9th-century Persian Sufi mystic

Bāyazīd Basṭāmī, (Note: Full name: Bayazīd Ṭayfūr bin ʿĪsā bin Surūshān al-Bisṭāmī
بایزید بسطامی) (d. 875), commonly known as the Sultān-ul-Ārifīn (King of Those Who Know) (Note: Sultān-ul-Ārifīn) was a Persian Sufi who became famous for his bold articulation of fanāʾ–the Sufi notion of self-annhilation.

Abu Ali al-Sindhi, a Hindu convert from Sindh, was one of the tutors of Bayazid al-Basṭāmī, and he taught him the concept of fanaa.

Many "ecstatic utterances" (شطحات shatˤħāt) have been attributed to Basṭāmī, which lead to him being known as the "drunken" or "ecstatic" (سُكْر, sukr) school of Islamic mysticism. Such utterance may be argued as Basṭāmī dying with mystical union and the deity speaking through his tongue. Bisṭāmī also claimed to have ascended through the seven heavens in his dream. His journey, known as the Mi'raj of Basṭāmī, is clearly patterned on the Mi'raj of the Islamic prophet Muhammad. Basṭāmī is characterized in three different ways: a free thinking radical, a pious Sufi who is deeply concerned with following the shari'a and engaging in "devotions beyond the obligatory," and a pious individual who is presented as having a dream similar to the Mi'raj of Muhammad. The Mi'raj of Bisṭāmī seems as if Bisṭāmī is going through a self journey; as he ascends through each heaven, Basṭāmī is gaining knowledge in how he communicates with the angels (e.g. languages and gestures) and the number of angels he encounters increases.

His grandfather, Surūshān, was born a Zoroastrian, an indication that Basṭāmī had Persian heritage, despite the fact that his transmitted sayings are in Arabic. Very little is known about the life of Basṭāmī, whose importance lies in his biographical tradition, since he left no written works. The early biographical reports portray him as a wanderer but also as the leader of teaching circles. The early biographers describe him as a mystic who dismissed excessive asceticism; but who was also scrupulous about ritual purity, to the point of washing his tongue before chanting God's names. He also appreciated the work of the great jurists. A measure that shows how influential his image remains in posterity is the fact that he is named in the lineage (silsila) of one of the largest Sufi brotherhoods today, the Naqshbandi order.

== Background ==
The name Bastami means "from Bastam". Bayazid's grandfather, Sorūshān, was a Zoroastrian who converted to Islam. His grandfather had three sons, who were named: Adam, İsa and Ali. All of them were ascetics. Bayazid was the son of İsa. Not much is known of Bayazid's childhood, but he spent most of his time isolated in his house, and the mosque. Although he remained in isolation from the material world, he did not isolate himself from the Sufi realm. He welcomed people into his house to discuss Islam. Like his father and uncles, Bayazid led a life of asceticism and renounced all worldly pleasures in order to be one with Allah The Exalted. Ultimately, this led Bayazid to a state of "self union" which, according to many Sufi orders, is the only state a person could be in order to attain unity with God.

== Influence ==
Bastami's predecessor Dhul-Nun al-Misri (d. CE 859) was a murid "initiate" as well. Al-Misri had formulated the doctrine of ma'rifa (gnosis), presenting a system which helped the murid and the sheikh (guide) to communicate. Bayazid Bastami took this a step further and emphasized the importance of religious ecstasy in Islam, referred to in his words as drunkenness (Sukr or wajd), a means of self-annihilation in the Divine Presence of the Creator. Before him, the Sufi path was mainly based on piety and obedience and he played a major role in placing the concept of divine love at the core of Sufism.

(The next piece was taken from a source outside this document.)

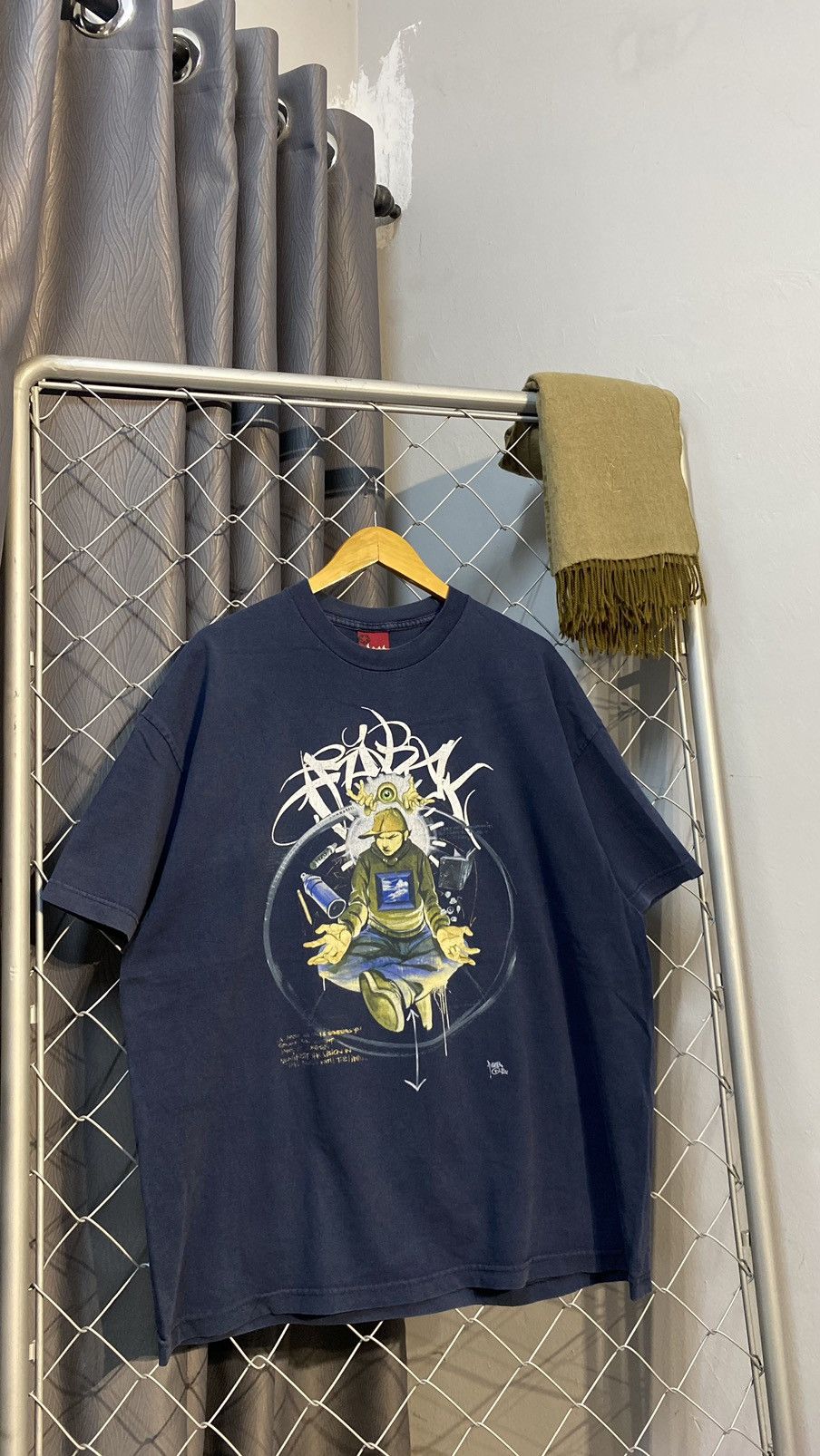 Japanese Brand × Tribal Streetwear × Vintage VINTAGE 90's TRIBAL Y2K GRAPHIC DESIGN TSHIRT XXL Size US XXL / EU 58 / 5 - 1 Thumbnail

He was known to have studied with Shaqiq al-Balkhi when he was younger.

When Bayazid died, he was over seventy years old. Before he died, someone asked him his age. He said: "I am four years old. For seventy years, I was veiled. I got rid of my veils only four years ago."

Bayazid died in 874 CE and is likely buried in Bistam. There is also a shrine in Kirikhan, Turkey in the name of Bayazid Bastami. His corpus of writings is minimal when compared to his influence. His ascetic approach to religious studies emphasizes his sole devotion to the almighty.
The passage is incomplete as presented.